> _WORK REQUEST_
Word for word, output the data, with none of its pictures.
== == ==
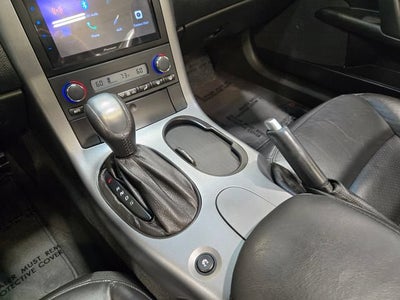 2006 Chevrolet Corvette NA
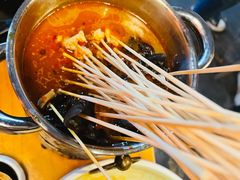 -小红烤翅(傅厚岗店)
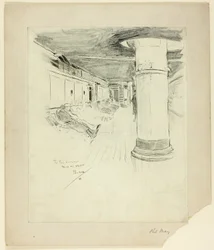 Ponte del piroscafo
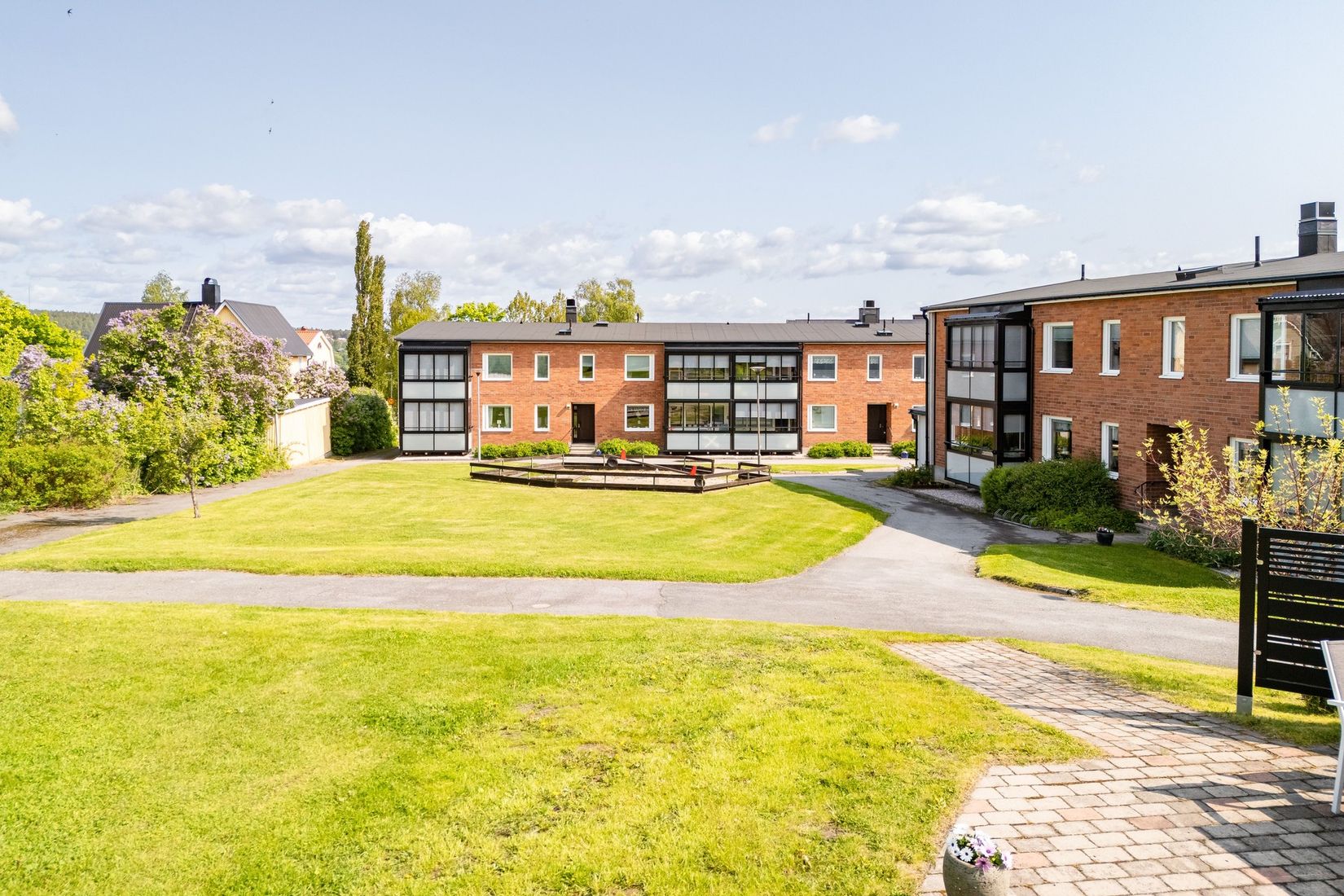 Bostadsrätt, Stenhammargatan 6, Södermalm, Sundsvall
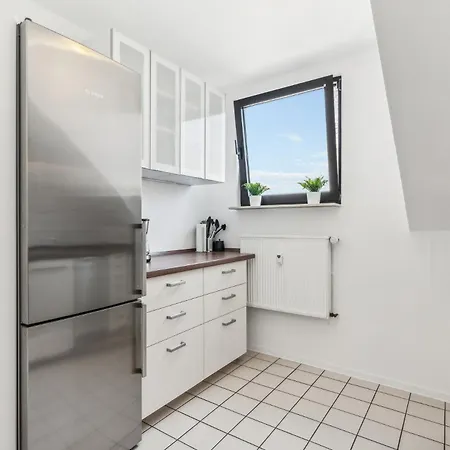 3-room Bad Vilbel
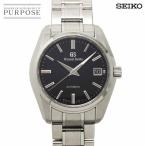 グランドセイコー GRAND SEIKO ヘリテージコレクション SBGR317 メンズ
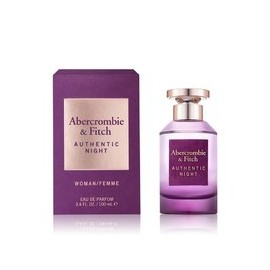 Autentyczny Noc Kobieta EDP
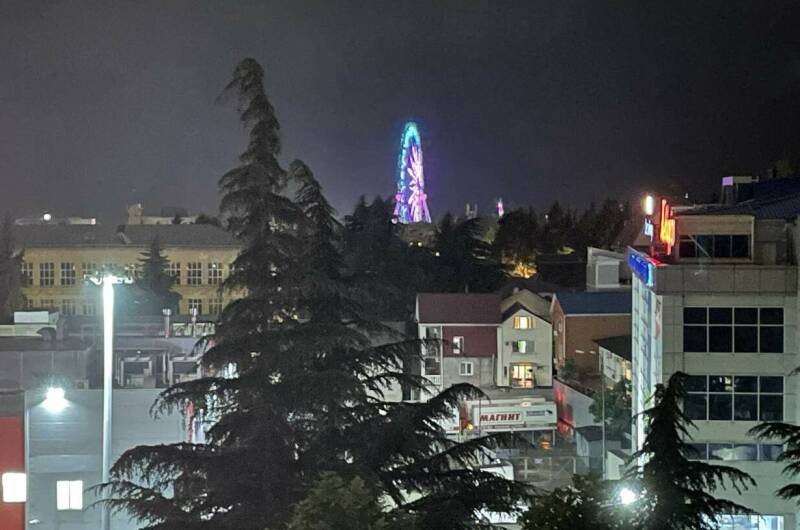 Квартира на Павлова 48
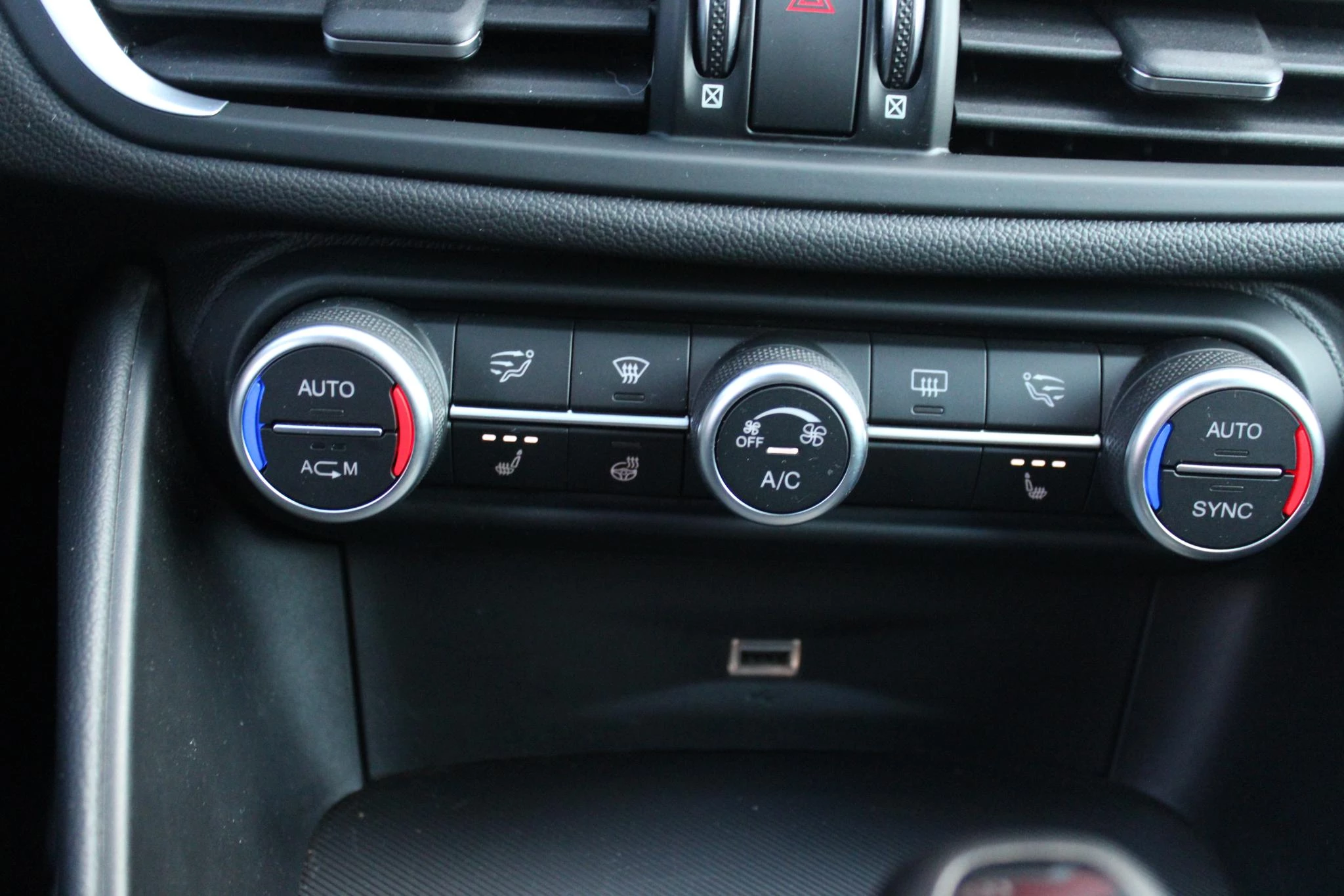 Hoofdafbeelding Alfa Romeo Giulia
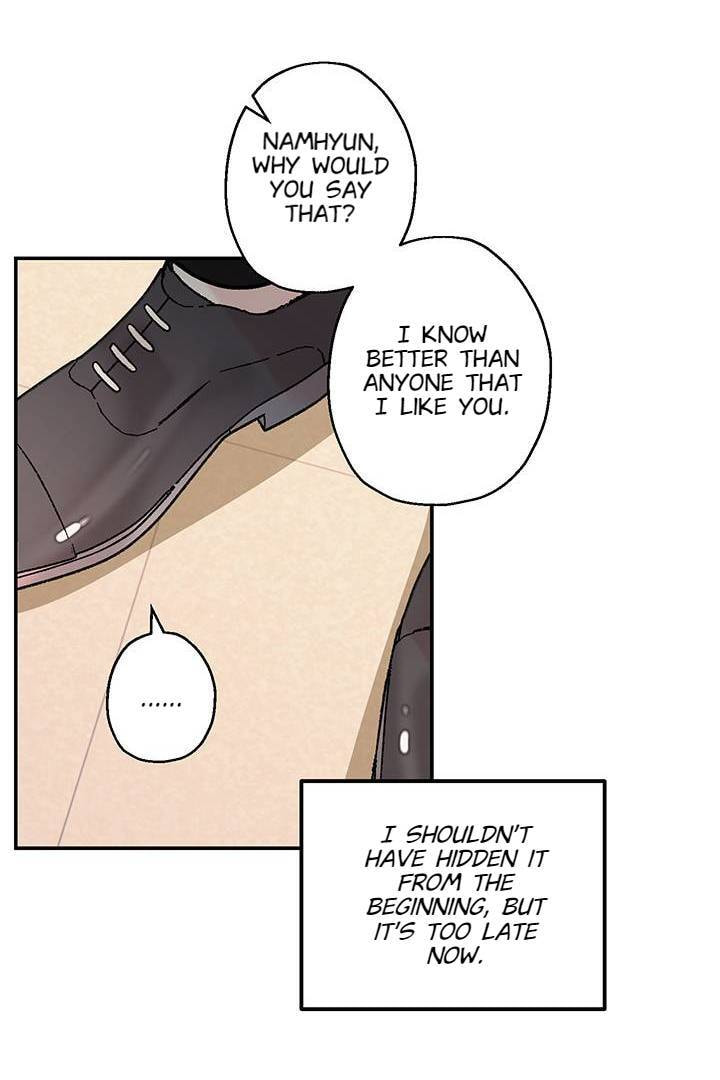 First Love Complex Chapter 17 page 46 - 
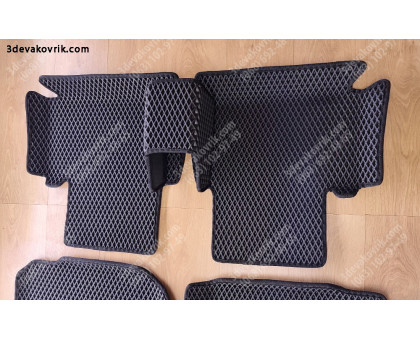 EVA килимки на Ford EcoSport 2014-2023
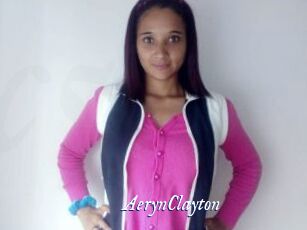 AerynClayton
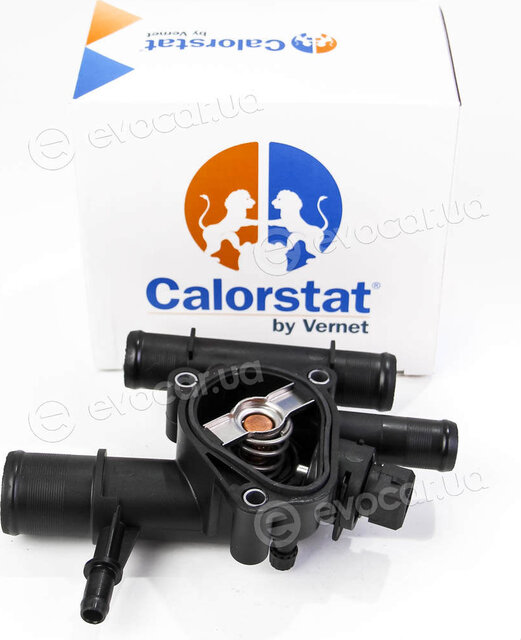 Vernet / Calorstat TH6454.83J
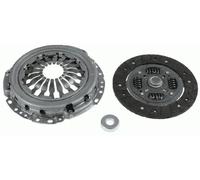 SACHS 3000951391 Clutch Kit Fits Renault Clio Modus / Grand Modus Twingo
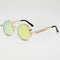 Men Sunglasses With Metal Coating / Mirror Sunglasses-8-JadeMoghul Inc.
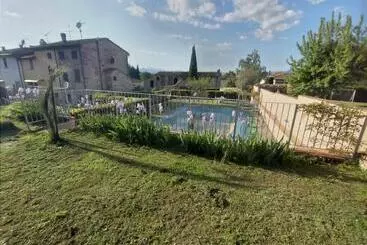 آپارتمان‌های توریست‌ها Pepe House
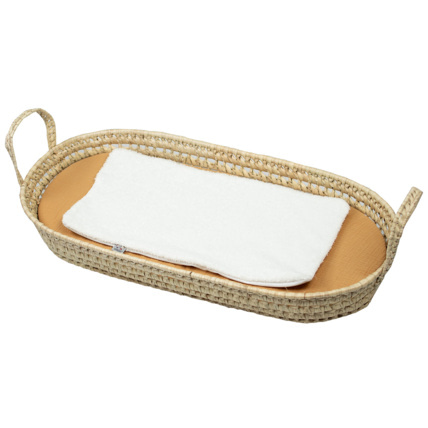 Avis Set matelas à langer Sevira Kids 1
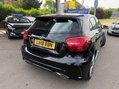 Mercedes-Benz A Class 1.6 A180 AMG Line Euro 6 (s/s) 5dr 13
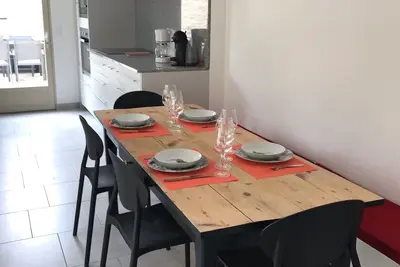 Image de Maison centre de marciac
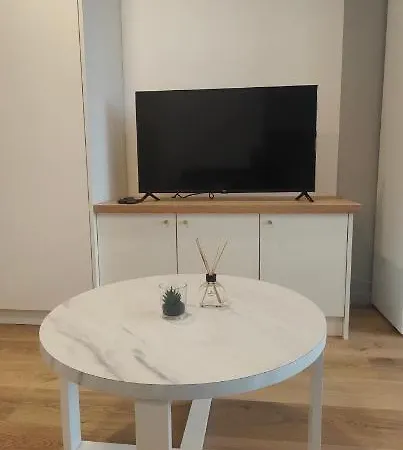 Grand Proche De Paris Апартаменты Сен-Мор-де-Фоссе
== == ==
> _REPLY TO THE TASK_
 2006 Chevrolet Corvette NA
 -小红烤翅(傅厚岗店)
 Ponte del piroscafo
 Bostadsrätt, Stenhammargatan 6, Södermalm, Sundsvall
 3-room Bad Vilbel
 グランドセイコー GRAND SEIKO ヘリテージコレクション SBGR317 メンズ
 Autentyczny Noc Kobieta EDP
 Квартира на Павлова 48
 Hoofdafbeelding Alfa Romeo Giulia
 First Love Complex Chapter 17 page 46 - 
 EVA килимки на Ford EcoSport 2014-2023
 AerynClayton
 Vernet / Calorstat TH6454.83J
 SACHS 3000951391 Clutch Kit Fits Renault Clio Modus / Grand Modus Twingo
 Men Sunglasses With Metal Coating / Mirror Sunglasses-8-JadeMoghul Inc.
 آپارتمان‌های توریست‌ها Pepe House
 Avis Set matelas à langer Sevira Kids 1
 Mercedes-Benz A Class 1.6 A180 AMG Line Euro 6 (s/s) 5dr 13
 Image de Maison centre de marciac
 Grand Proche De Paris Апартаменты Сен-Мор-де-Фоссе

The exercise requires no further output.